In a long and thoughtful interview, Richard described a creative life shaped by post-punk, dream pop, shoegaze, synth-pop, comics, cinema, and decades of obsessive listening. What emerged most clearly was not simply a catalog of influences, but a philosophy of music rooted in curiosity, emotional honesty, and the belief that songs can become deeply personal companions for listeners.

I initially framed Dotsun Moon’s sound through the lens of The Cure and New Order, hearing “eighties influences” and “synth-rock hybrid bands” in the music. Richard agreed while explaining that the newest record, Tiger, intentionally pushes further toward guitars and dream-pop textures. “I thought I wanted to make a shoegaze album,” he explained, “but honestly, this is more dream pop.”

For Richard, the distinction mattered. Shoegaze, in his telling, is not merely a label but a dense sonic architecture associated with bands like My Bloody Valentine. “I didn’t come up with an all-encompassing washing-machine guitar sound,” he admitted modestly, though the influence remains audible in the buried vocals and layered guitars throughout the record.

What makes Dotsun Moon compelling is the way these influences are filtered through lived experience rather than nostalgia. Richard recalled how the project originally began with just himself and a friend performing alongside prerecorded tracks because they lacked a full band. “We were like, what can we do? We don’t have a drummer,” he said. “If you have to wait for a band, you’ll never play out sometimes.” The comment captures something central to independent music culture: creativity often emerges through limitation rather than abundance.
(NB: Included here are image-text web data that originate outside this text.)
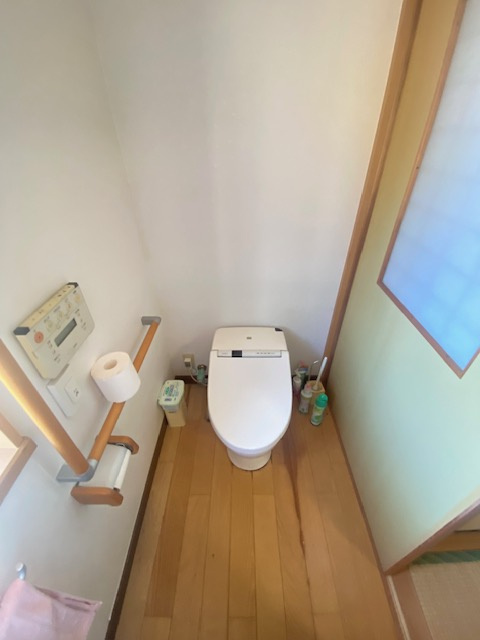 都城市庄内町の中古一戸建のトイレ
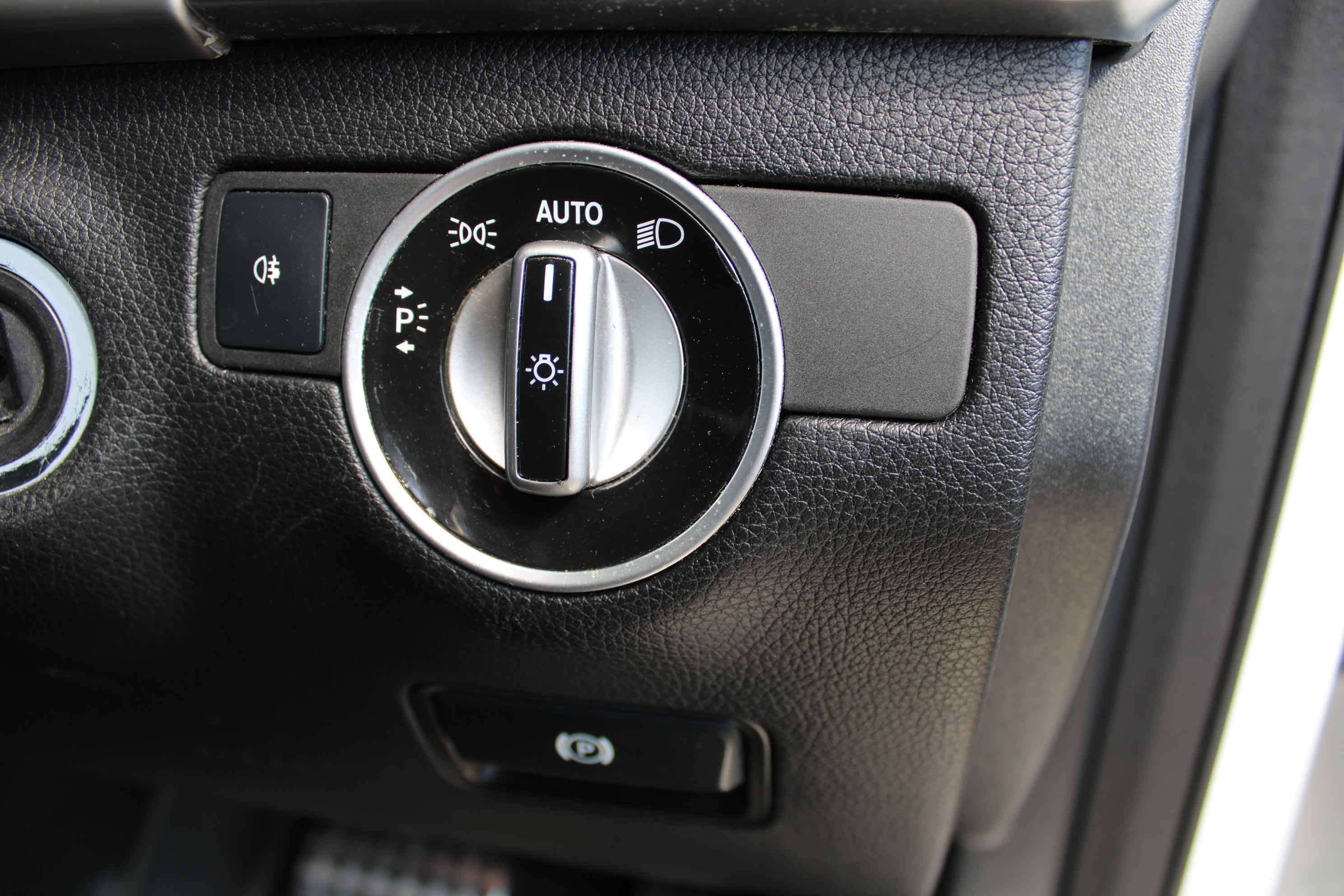 
								Mercedes-Benz ML 250 BlueTEC 4MATIC full									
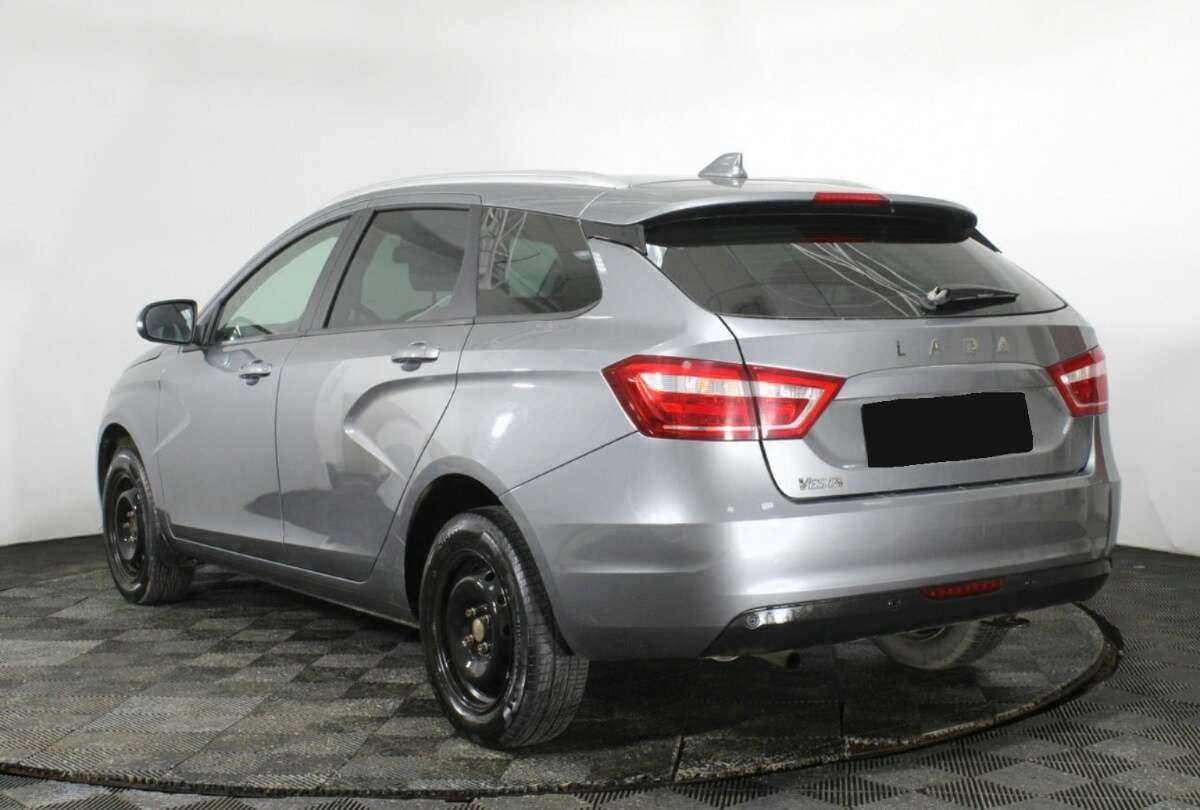 Lada (ВАЗ) Vesta SW, 2020 - Фото №5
That DIY sensibility still shapes the project. Richard spoke warmly about collaborating with producer Doug White at Watchmen Studios in Lockport. White, who had worked with punk, metal, and dream-pop bands alike, became a crucial creative partner. “Some of those songs I went in half done,” Richard explained, “and we walked out with them finished in a day.” Rather than imposing commercial polish, the process sounded exploratory and collaborative. Guitar parts evolved spontaneously. Songs changed shape organically. “You just don’t know what you’re gonna come up with,” he said.

The interview became especially fascinating whenever it turned toward songwriting itself. Richard repeatedly rejected romantic myths about composition arriving fully formed through sudden inspiration. Most songs begin with loops, keyboard parts, rhythms, or melodic fragments. “Keyboard is just so good to me,” he explained. He often improvises lyrics over music before fully understanding what the song is emotionally about.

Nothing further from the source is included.